Les médecins-prescripteurs sont-ils nombreux ?
Je rencontre d'autres médecins-prescripteurs, on se concerte, on compare les résultats. J'ai obtenu beaucoup de conseils de personnes plus expérimentées. Mais il est difficile de savoir exactement le nombre de professionnels qui prescrivent aujourd'hui du Baclofène. Nous ne nous sommes pas tous déclarés.
En 2010, l'Agence française de sécurité sanitaire des produits de santé (Afssaps) a recensé à peu près 20 000 prescriptions de Liorésal [appellation commerciale du Baclofène, ndlr] de plus qu'en 2009. Et elles seraient, compte tenu des posologies utilisées, probablement en rapport avec l'alcoolo-dépendance.


* "Le dernier verre" d'Olivier Ameisen. Ed Denoël.

Entretien Dr Annie Rapp, psychothérapeute à Paris (Sciences et Vie 2011)

Comment avez-vous commencé à prescrire du baclofène ?

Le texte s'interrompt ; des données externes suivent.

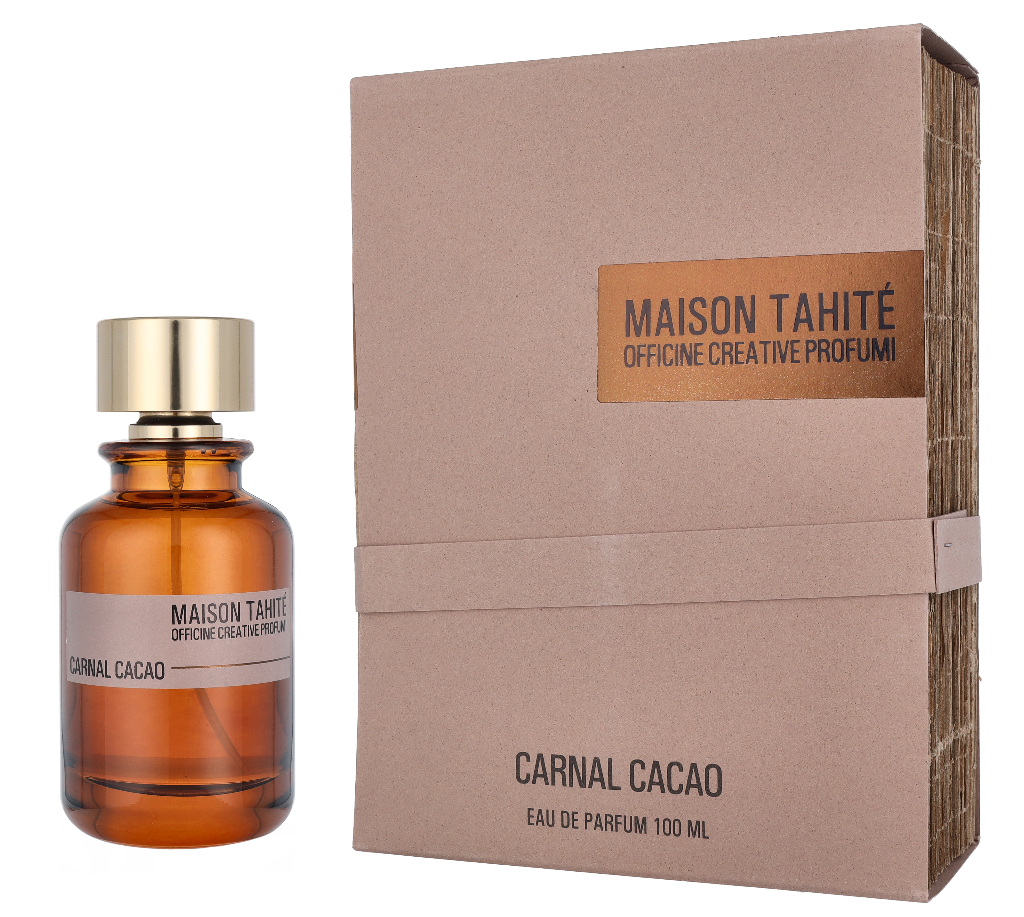 Maison Tahite Carnal Cacao Edp Spray 100 ml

Je m’y suis intéressé après la lecture d’un article. J’avais déjà eu l’occasion de traiter des alcooliques lorsque je travaillais en psychiatrie publique. Mais depuis que je m’étais installé en libéral, j’avais renoncé. Il faut dire que jusqu’à présent, les médicaments psychotropes et les psychothérapies étaient pratiquement impuissants à faire cesser l'alcoolisation des malades.

Quels sont vos résultats ?

Depuis octobre 2009, sur les 39 personnes suivies, 23 ont atteint le stade de l’indifférence par rapport à l’alcool. 3 n’y sont pas parvenues. À l’évidence, à cause de problèmes psychiatriques. Les 13 restantes sont toujours en cours de traitement. Dans l’ensemble, c’est un résultat totalement enthousiasmant.

Traitez-vous d’autres dépendances?
Oui. Je suis trois personnes pour des troubles alimentaires. Le traitement fonctionne sur deux d’entre elles. J’ai pour l’instant trop peu de cas pour formuler un avis définitif, mais je suis persuadée que cela peut fonctionner avec ce type d’addictions.

Que répondez-vous à ceux qui s’inquiètent de prescrire ce médicament à des doses élevées ?
Que le baclofène est prescrit depuis plus de 40 ans à haute dose sans présenter de danger sérieux. C’est pour cette raison que je n’ai pas hésité à me lancer dans la prescription. C’est le propre de la démarche compassionnelle. Beaucoup de médecins ont peur de prendre ce genre de risques. Un psy, beaucoup moins parce que dans notre pratique, prescrire hors AMM est monnaie courante. Quant aux effets secondaires ressentis à certains paliers, parfois assez intenses, je préconise à mes patients de se mettre en arrêt de travail au début du traitement pour éviter les inconvénients des somnolences. Pour certains, je prescris un sevrage dans une clinique.

En tant que praticien, quelle expérience en retirez-vous ?
Il nous faut changer d’opinion sur l’alcoolisme. Depuis la nuit des temps, c’était considéré comme une maladie de la volonté. À l’évidence, nous avions tout faux. Les alcooliques ne sont pas des gens faibles ou lâches. Bien au contraire. J’ai remarqué en outre que la plupart étaient des personnes sensibles et assez exceptionnelles. Les succès obtenus avec le baclofène montrent que l’addiction est aussi une maladie biologique que l’on peut soigner avec des molécules. Néanmoins, la volonté et la motivation du patient restent toujours indispensables. Car la prise d’alcool correspond à des habitudes et à des rituels et elle est une réponse au stress.
Surtout, ce traitement m’a redonné l’espoir de pouvoir enfin soulager ces malades ainsi que leurs familles qui payent un lourd tribut à la maladie.